Top of Working data
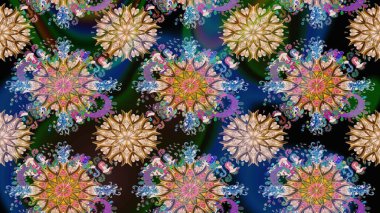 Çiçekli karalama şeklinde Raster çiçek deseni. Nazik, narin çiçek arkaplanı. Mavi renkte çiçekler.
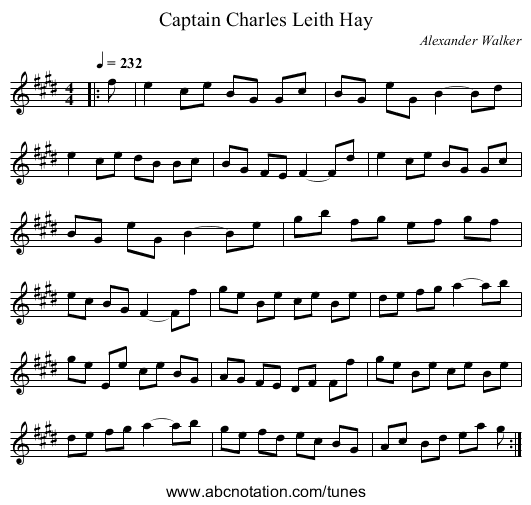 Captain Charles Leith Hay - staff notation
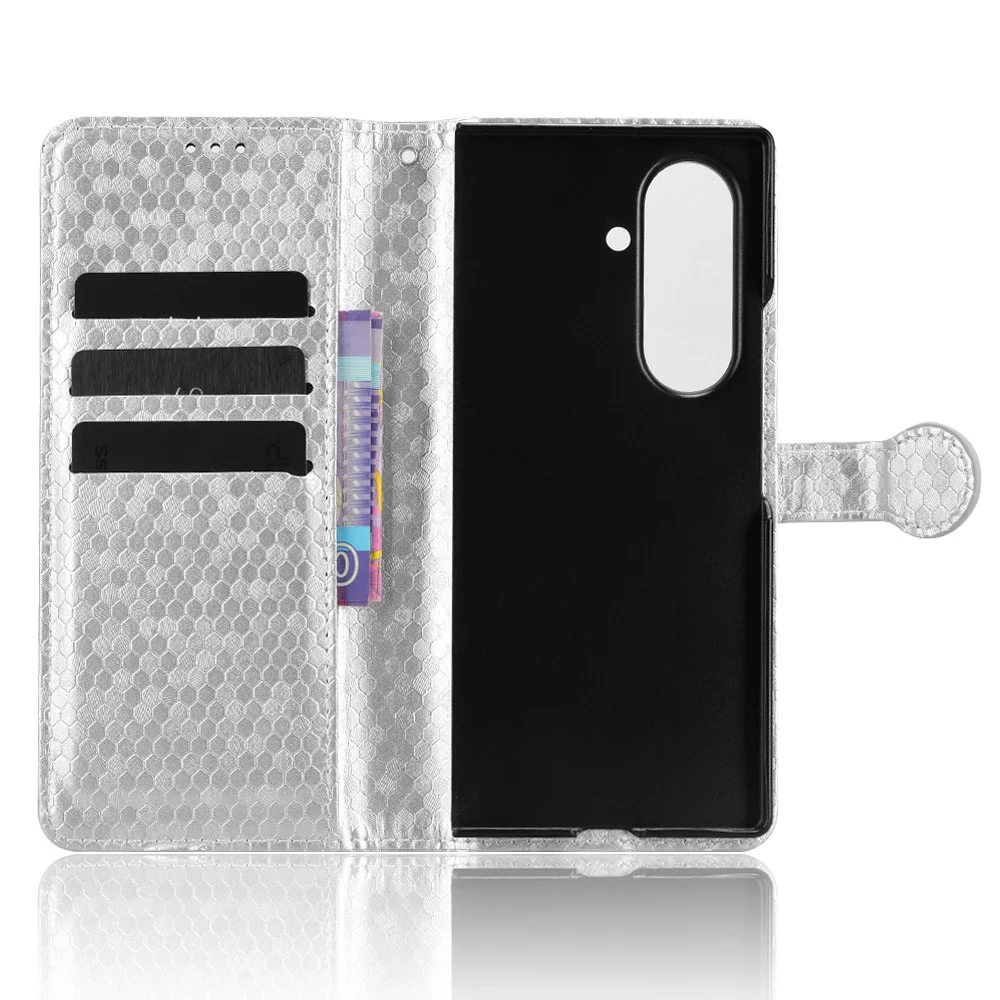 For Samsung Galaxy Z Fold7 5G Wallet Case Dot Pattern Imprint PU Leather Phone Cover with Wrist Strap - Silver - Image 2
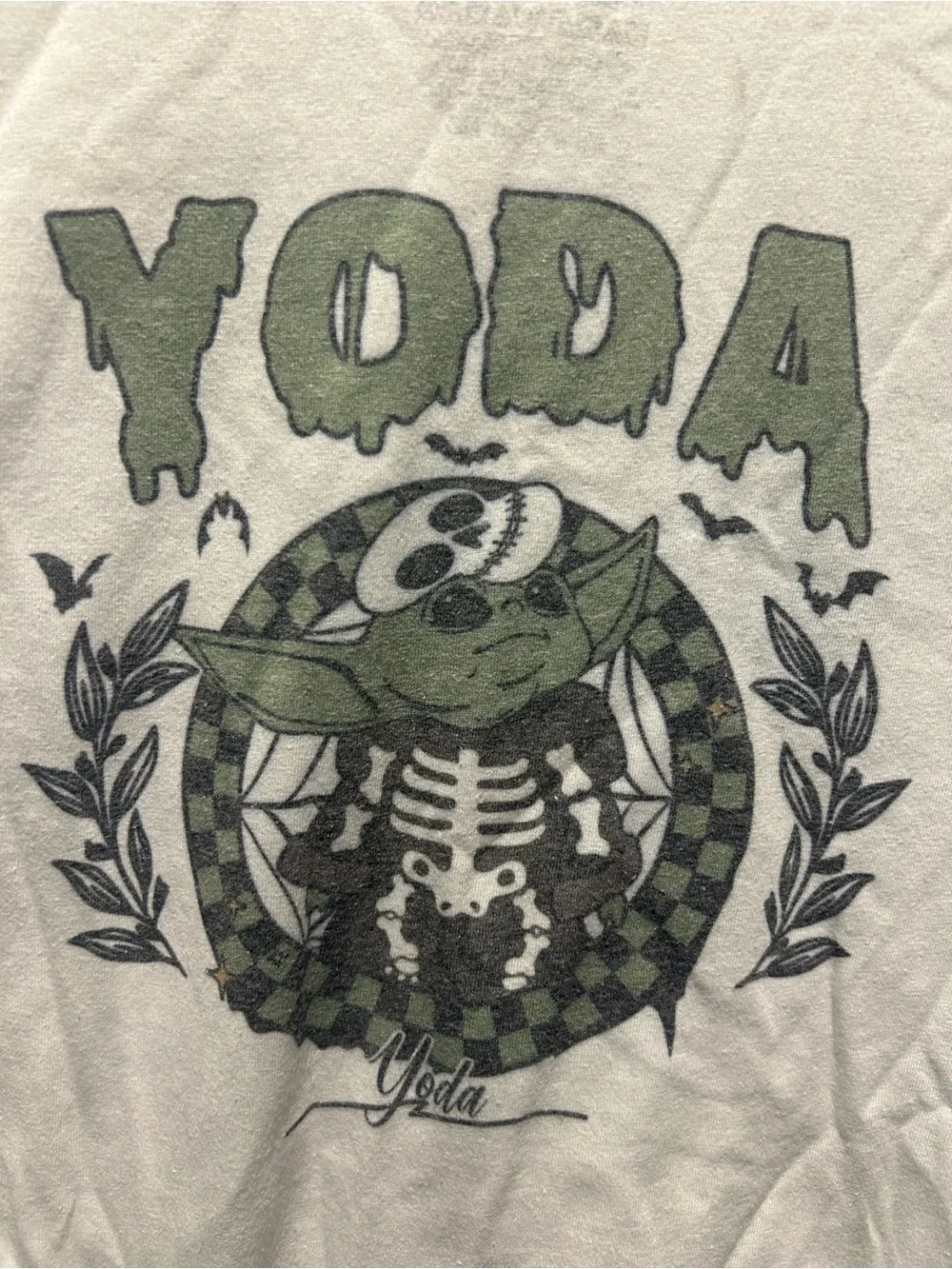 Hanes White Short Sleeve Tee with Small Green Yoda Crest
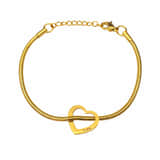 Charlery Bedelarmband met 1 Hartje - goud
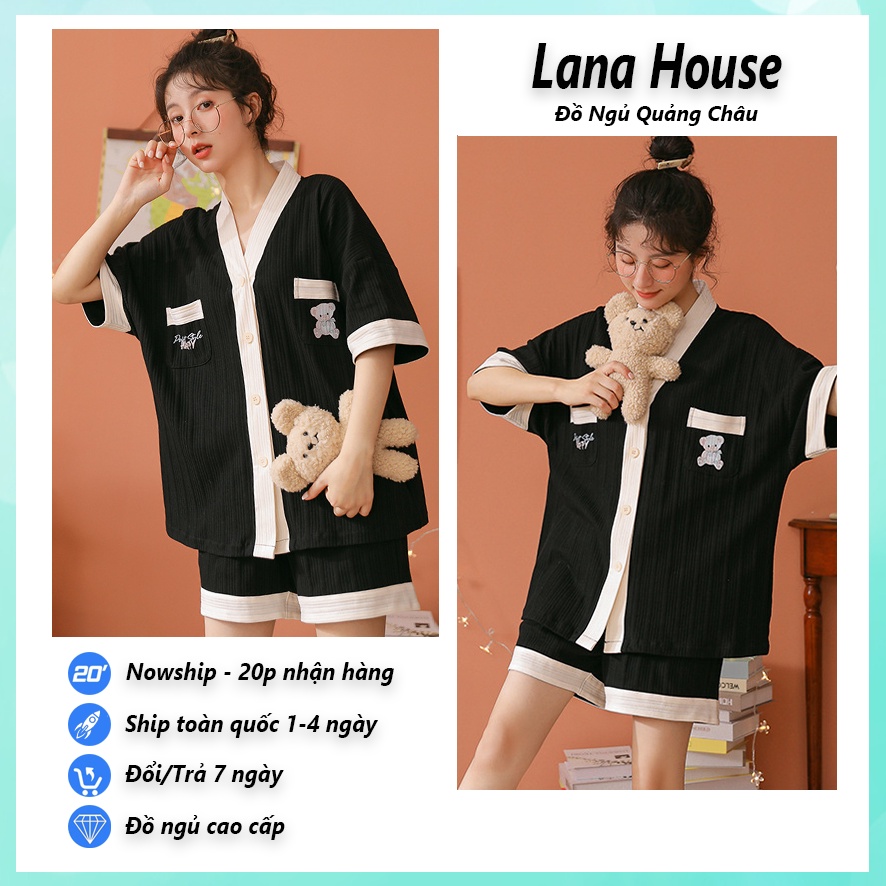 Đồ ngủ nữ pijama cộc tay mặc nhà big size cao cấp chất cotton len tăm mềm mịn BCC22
Bottom of Working data
Top of Working data
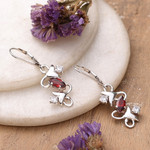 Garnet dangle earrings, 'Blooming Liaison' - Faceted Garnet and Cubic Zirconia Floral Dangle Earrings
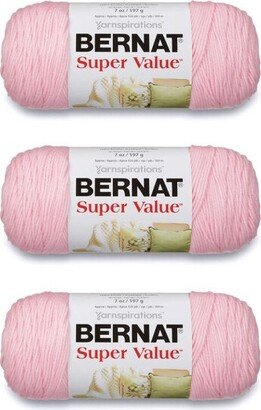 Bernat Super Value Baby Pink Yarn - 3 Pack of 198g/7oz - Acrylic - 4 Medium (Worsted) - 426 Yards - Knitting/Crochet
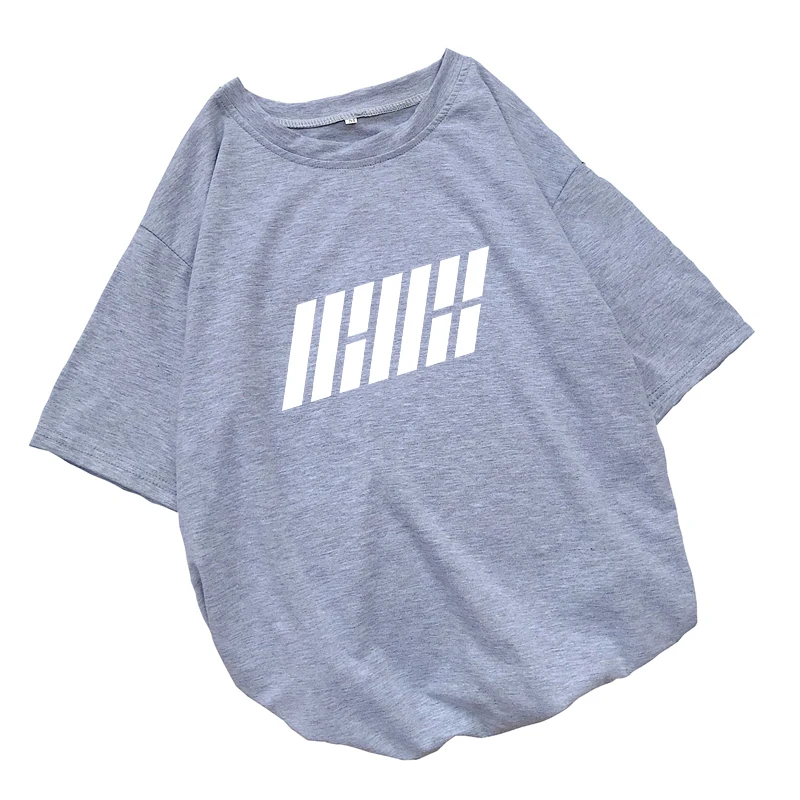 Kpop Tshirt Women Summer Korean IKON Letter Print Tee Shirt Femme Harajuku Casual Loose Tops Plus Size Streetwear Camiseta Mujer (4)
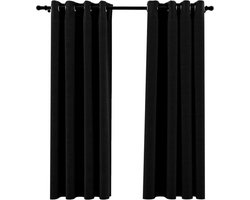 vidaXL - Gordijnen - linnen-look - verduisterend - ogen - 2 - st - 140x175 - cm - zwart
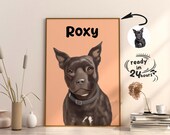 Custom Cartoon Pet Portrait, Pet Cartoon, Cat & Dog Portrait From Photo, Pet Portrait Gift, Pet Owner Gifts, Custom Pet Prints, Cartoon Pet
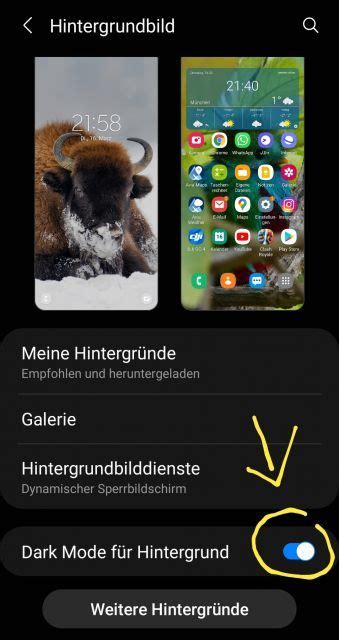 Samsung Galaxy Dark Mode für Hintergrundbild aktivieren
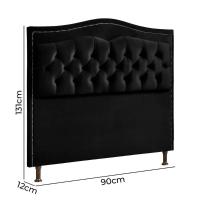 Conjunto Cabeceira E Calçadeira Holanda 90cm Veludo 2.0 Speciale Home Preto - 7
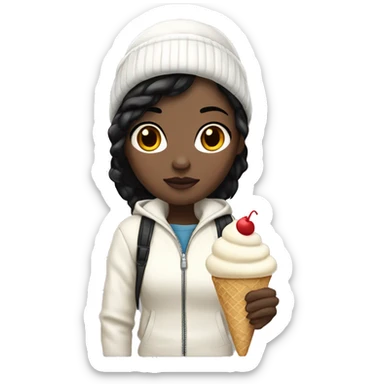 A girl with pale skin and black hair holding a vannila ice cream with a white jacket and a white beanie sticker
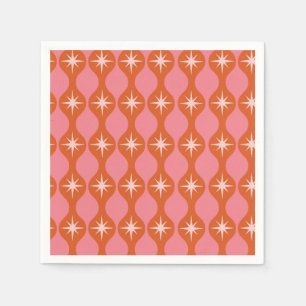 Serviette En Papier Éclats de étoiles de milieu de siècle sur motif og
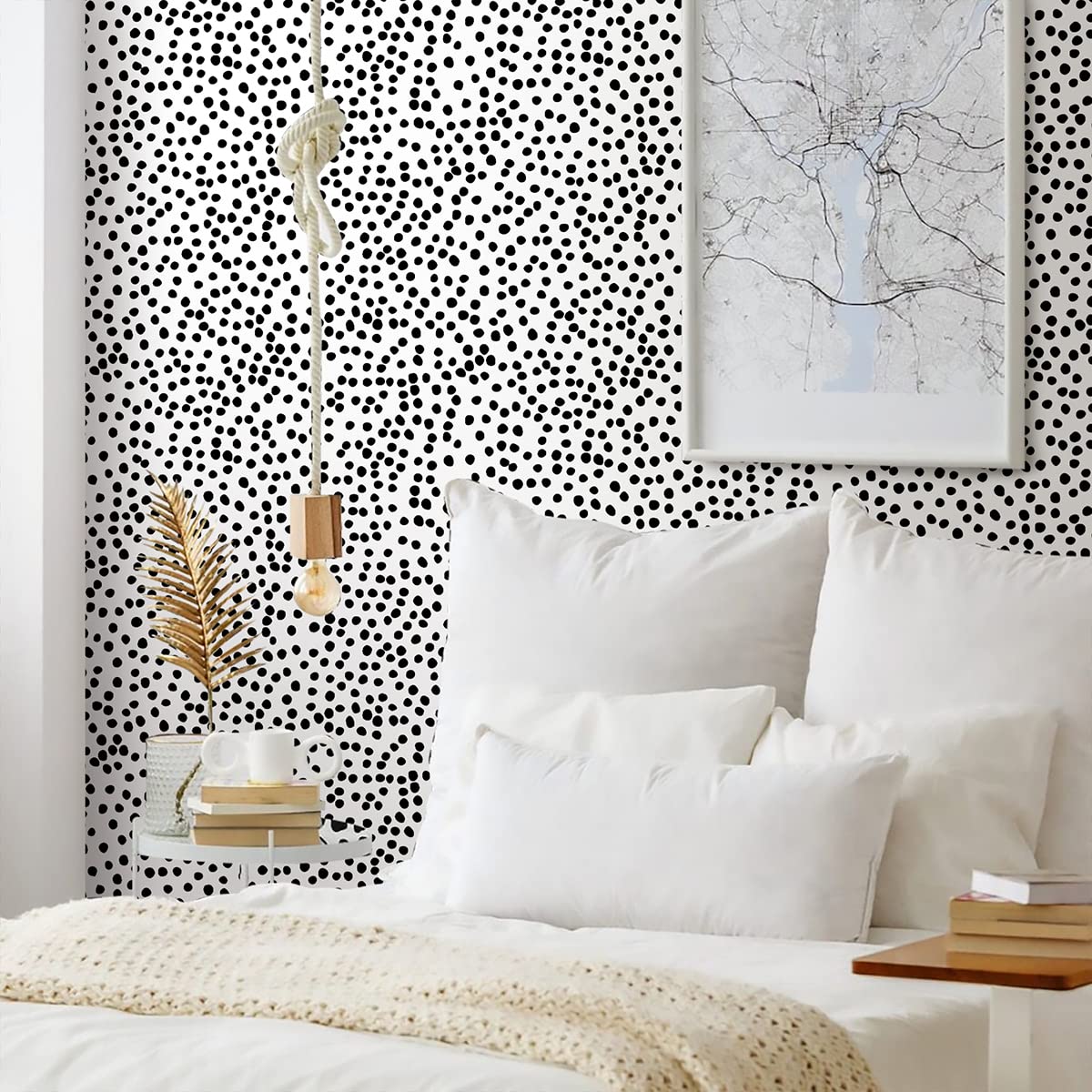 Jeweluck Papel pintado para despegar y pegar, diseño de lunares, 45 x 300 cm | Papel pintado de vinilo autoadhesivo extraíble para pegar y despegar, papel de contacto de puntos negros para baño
Bottom of Working data
**Work to be completed**:
Using the data above, set down each line from the line with "Hanes White Short" to the line with "Đồ ngủ nữ pijama" exactly, both ends included, and leave the pictures behind. Nothing else belongs.

**Task solution**:
 Hanes White Short Sleeve Tee with Small Green Yoda Crest
 Charlery Bedelarmband met 1 Hartje - goud
 Đồ ngủ nữ pijama cộc tay mặc nhà big size cao cấp chất cotton len tăm mềm mịn BCC22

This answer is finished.